1:Many — one entity maps to many of another - User → Posts (one user has many posts) - Implemented with a foreign key on the "many" side: posts.user_id

Many:Many — neither side maps to just one of the other - User → Like → Post: one user can like many posts, and one post can be liked by many users - User → Follow → User: one user can follow many users, and one user can be followed by many users - Implemented with a junction table containing both foreign keys


Junction tables#

A junction table sits between two entities in a many-to-many relationship.

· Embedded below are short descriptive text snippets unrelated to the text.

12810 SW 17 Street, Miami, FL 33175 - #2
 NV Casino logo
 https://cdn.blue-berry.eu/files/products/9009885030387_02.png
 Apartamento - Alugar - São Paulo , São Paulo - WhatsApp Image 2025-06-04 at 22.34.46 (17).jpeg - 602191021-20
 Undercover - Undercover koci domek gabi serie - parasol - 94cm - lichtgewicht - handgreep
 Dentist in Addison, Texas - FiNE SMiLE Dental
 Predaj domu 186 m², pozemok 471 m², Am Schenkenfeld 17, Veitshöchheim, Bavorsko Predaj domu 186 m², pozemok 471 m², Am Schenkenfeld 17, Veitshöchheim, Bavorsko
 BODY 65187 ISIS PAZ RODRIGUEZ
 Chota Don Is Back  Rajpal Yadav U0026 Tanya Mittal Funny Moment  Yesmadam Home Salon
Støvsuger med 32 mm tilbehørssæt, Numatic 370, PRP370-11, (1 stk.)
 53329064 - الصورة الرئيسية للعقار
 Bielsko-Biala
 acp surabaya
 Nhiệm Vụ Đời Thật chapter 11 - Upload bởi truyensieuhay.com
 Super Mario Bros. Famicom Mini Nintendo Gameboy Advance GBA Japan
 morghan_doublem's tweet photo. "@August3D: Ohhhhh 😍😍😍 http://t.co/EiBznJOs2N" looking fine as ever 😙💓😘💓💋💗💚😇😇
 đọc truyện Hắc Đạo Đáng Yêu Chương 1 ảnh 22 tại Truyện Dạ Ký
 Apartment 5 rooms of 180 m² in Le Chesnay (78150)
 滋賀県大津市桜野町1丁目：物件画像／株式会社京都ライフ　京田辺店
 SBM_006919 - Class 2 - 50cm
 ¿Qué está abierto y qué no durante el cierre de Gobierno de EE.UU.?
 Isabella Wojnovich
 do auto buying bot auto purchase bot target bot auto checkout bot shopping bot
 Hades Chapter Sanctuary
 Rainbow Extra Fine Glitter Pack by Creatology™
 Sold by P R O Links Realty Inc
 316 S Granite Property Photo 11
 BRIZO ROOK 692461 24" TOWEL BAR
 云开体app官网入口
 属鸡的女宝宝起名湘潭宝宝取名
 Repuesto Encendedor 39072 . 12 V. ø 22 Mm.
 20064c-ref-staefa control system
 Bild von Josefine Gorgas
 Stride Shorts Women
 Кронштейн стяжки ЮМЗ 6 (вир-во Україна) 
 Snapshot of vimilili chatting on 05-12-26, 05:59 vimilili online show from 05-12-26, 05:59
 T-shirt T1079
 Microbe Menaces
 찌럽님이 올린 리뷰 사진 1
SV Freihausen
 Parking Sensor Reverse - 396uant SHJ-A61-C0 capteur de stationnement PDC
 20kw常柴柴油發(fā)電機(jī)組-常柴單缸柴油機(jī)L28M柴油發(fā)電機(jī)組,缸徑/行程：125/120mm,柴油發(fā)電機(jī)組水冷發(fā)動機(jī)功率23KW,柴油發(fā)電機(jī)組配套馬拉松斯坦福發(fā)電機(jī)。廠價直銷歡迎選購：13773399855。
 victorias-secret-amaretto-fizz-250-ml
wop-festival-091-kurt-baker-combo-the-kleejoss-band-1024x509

It contains the primary keys of both entities as a composite primary key.

likes (
    user_id  UUID NOT NULL,
    post_id  UUID NOT NULL,
    PRIMARY KEY (user_id, post_id)    composite PK enforces uniqueness
)

The composite PK does two things: - Prevents duplicates — a user can't like the same post twice - Acts as an index — "has user_123 liked post_456?" is an O(1) lookup


Self-referential tables#

When an entity has a relationship with itself — like users following other users — you use a self-referential junction table. Both foreign keys reference the same table:

follows (
    follower_id  UUID NOT NULL,   -- the person who follows
    following_id UUID NOT NULL,   -- the person being followed
    created_at   TIMESTAMP,

    PRIMARY KEY (follower_id, following_id),
    FOREIGN KEY (follower_id)  REFERENCES users(user_id),
    FOREIGN KEY (following_id) REFERENCES users(user_id)
)

Both columns point to users. The naming makes the direction of the relationship explicit — follower_id is doing the following, following_id is being followed.

Here's what the table looks like with real data:

follower_id  | following_id | created_at
-------------|--------------|------------
user_1       | user_2       | 2024-01-01    ← user_1 follows user_2
user_1       | user_3       | 2024-01-02    ← user_1 follows user_3
user_2       | user_1       | 2024-01-03    ← user_2 follows user_1
user_3       | user_1       | 2024-01-04    ← user_3 follows user_1

Notice that user_1 appears multiple times in follower_id. This is why user_id alone can never be the primary key — a PK must be unique per row, and no single column here is unique.

But the combination of (follower_id, following_id) is always unique — a user can only follow someone once. That composite PK also enforces this business rule for free:

-- Try to make user_1 follow user_2 again
INSERT INTO follows (follower_id, following_id) VALUES ('user_1', 'user_2');
-- ERROR: duplicate key violates primary key constraint ✗

No extra application code needed — the DB rejects the duplicate automatically.


Always think about both directions of a junction table#

Every junction table has two read directions. Both need to be fast.

For the follows table:

-- Direction 1: who does user_123 follow?
SELECT following_id FROM follows WHERE follower_id = '123';
-- → hits composite PK index (starts with follower_id) ✓

-- Direction 2: who follows user_123?
SELECT follower_id FROM follows WHERE following_id = '123';
-- → composite PK starts with follower_id, not following_id → full scan ✗

Direction 2 can't use the PK index. You need a separate index:

CREATE INDEX idx_follows_following ON follows(following_id);

Junction table rule

Whenever you create a junction table, immediately ask yourself: "do I need to query this in both directions?" If yes — you need an index for each direction. The composite PK covers one direction. Add a separate index for the other.